── EXTRACTED RECORDS
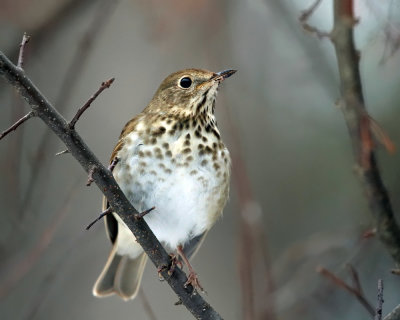 Hermit Thrush - Catharus guttatus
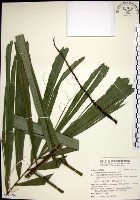 山棕藏品圖，第1張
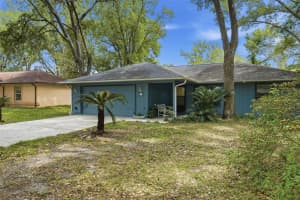 31 ALMOND PASS DRIVE, OCALA, FL 34472 - MLS#MFROM724322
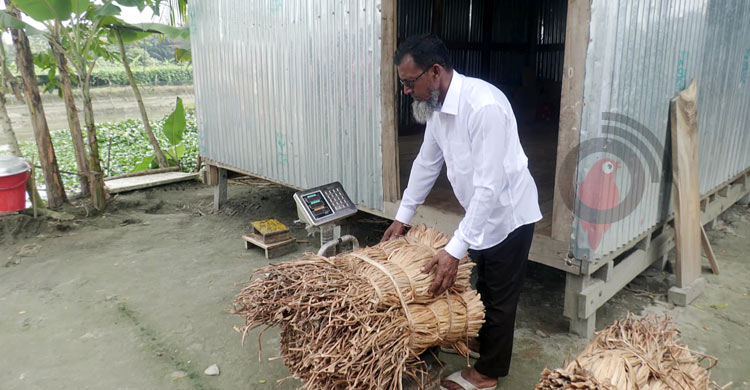 এক মণ কচুরিপানা বিক্রির টাকায় মিলছে দুই মণ ধান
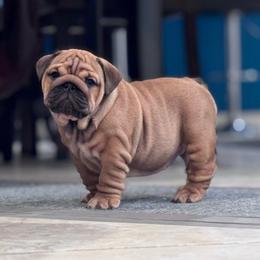 Moxxie - Fawn female Bulldog puppy in Jacksonville, Florida from Semper Fi Bulldogs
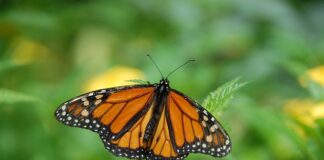 Czy Butterfly jest legalny w Polsce?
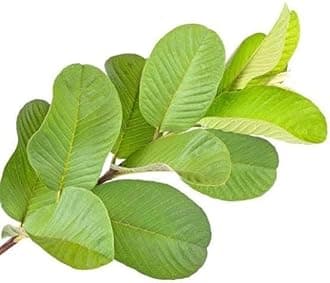 Fresh Organics Guava Leaf, Guava leaves Fresh Guava leaves, Amrood ke Patte, Payara, Peroo, Pijuli - 50-Leaves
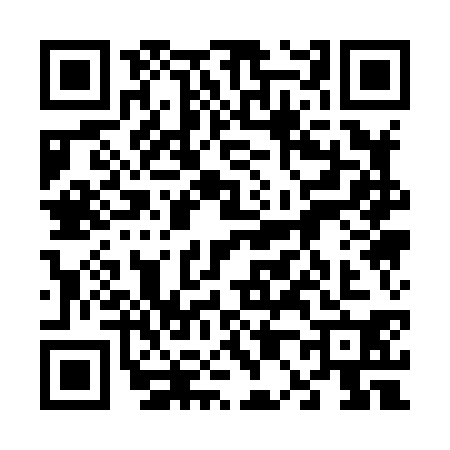 QR code for 6018303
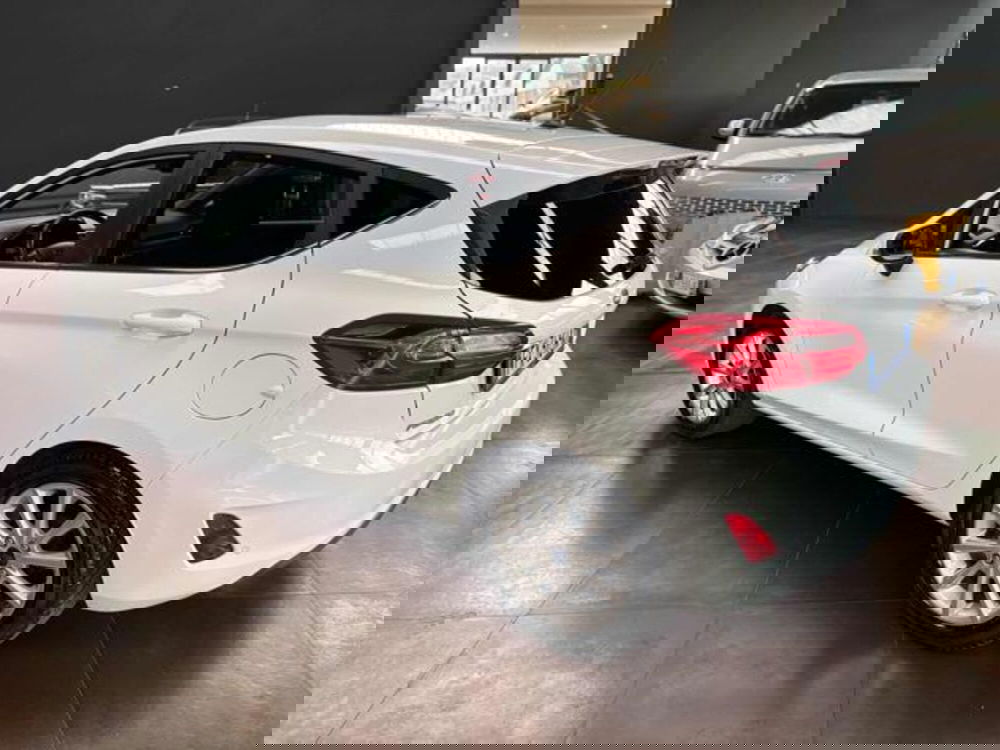 Ford Fiesta usata a Pesaro-Urbino (4)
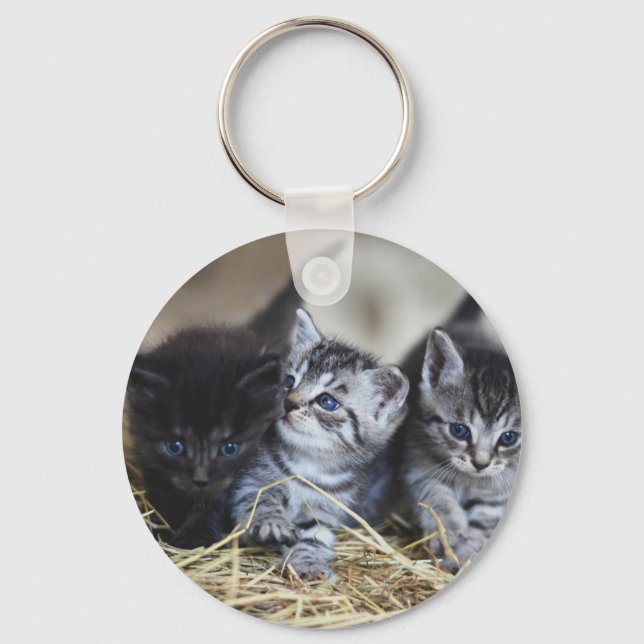Kittens, Pet, Felines Key Ring (Front)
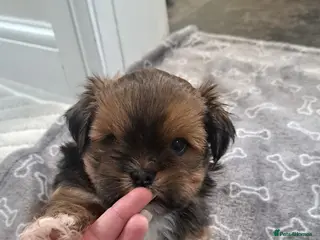 Lhasa Apso dogs Gorgeous Lhasa apso pups 🐶 😍 - Advert 9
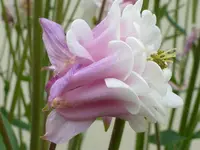 P1030348.webp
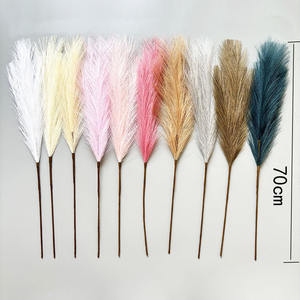 หญ้าแพมพัสเทียม - Product Image 2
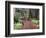 Forest, Glacier National Park, Montana-null-Framed Premium Photographic Print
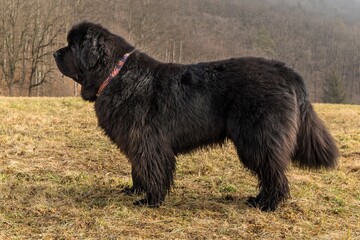 Fototapeta premium Newfoundland dog breed in an outdoor. Spring walk with a dog. Big dog.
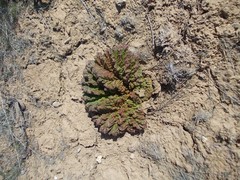 Rheum tataricum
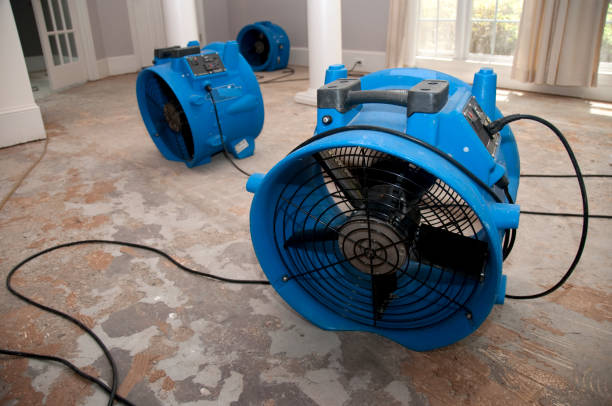 Best Water damage contractors near me  in Zumbrota, MN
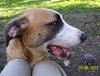 Roy - ADOPTED 04.17.12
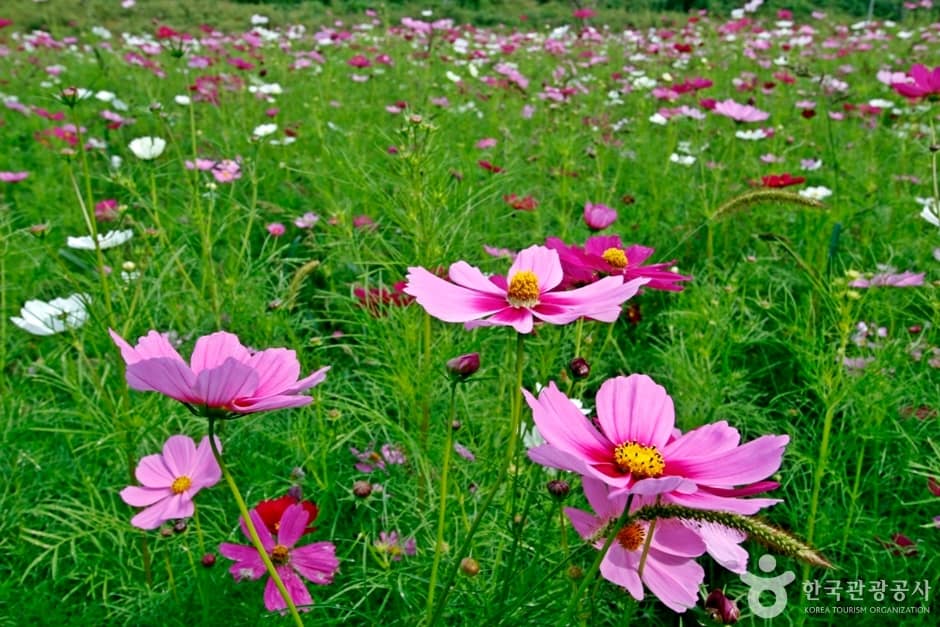 석장리 계절별 꽃단지 (3)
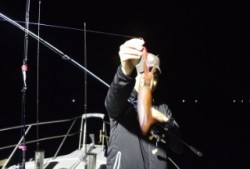 ジギング船 BLUEWATER 釣果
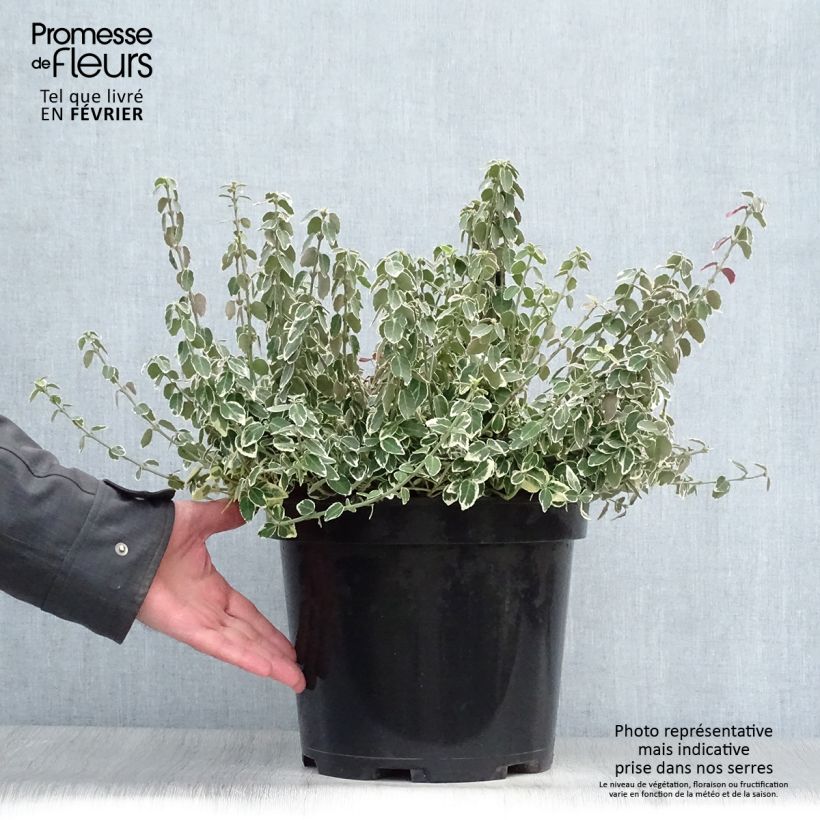 Huso de la fortuna Emerald Gaiety- Euonymus fortunei Maceta 7,5L/10L Ejemplar entregado en invierno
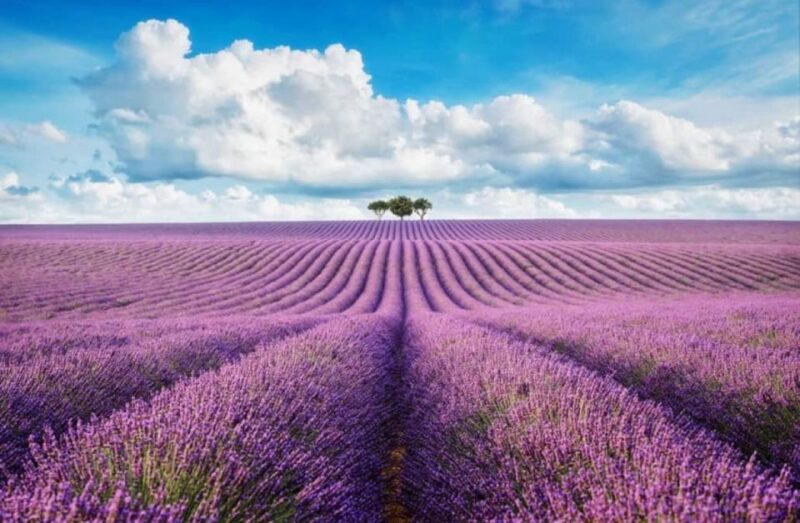 From Nice: Lavender Fields & Verdon Gorge Guided Day Tour - Itinerary Details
────
▶ _PROMPT_: For this exercise, reproduce the data above exactly from the line containing "หญ้าแพมพัสเทียม - Product Image 2" through its final line, both ends included, with no pictures in the copy.

▶ _EXPECTED OUTPUT_:
 หญ้าแพมพัสเทียม - Product Image 2
 Forest, Glacier National Park, Montana-null-Framed Premium Photographic Print
 Fototapeta premium Newfoundland dog breed in an outdoor. Spring walk with a dog. Big dog.
 Rheum tataricum
 Best Water damage contractors near me  in Zumbrota, MN
 Roy - ADOPTED 04.17.12
 석장리 계절별 꽃단지 (3)
 ジギング船 BLUEWATER 釣果
 Huso de la fortuna Emerald Gaiety- Euonymus fortunei Maceta 7,5L/10L Ejemplar entregado en invierno
 From Nice: Lavender Fields & Verdon Gorge Guided Day Tour - Itinerary Details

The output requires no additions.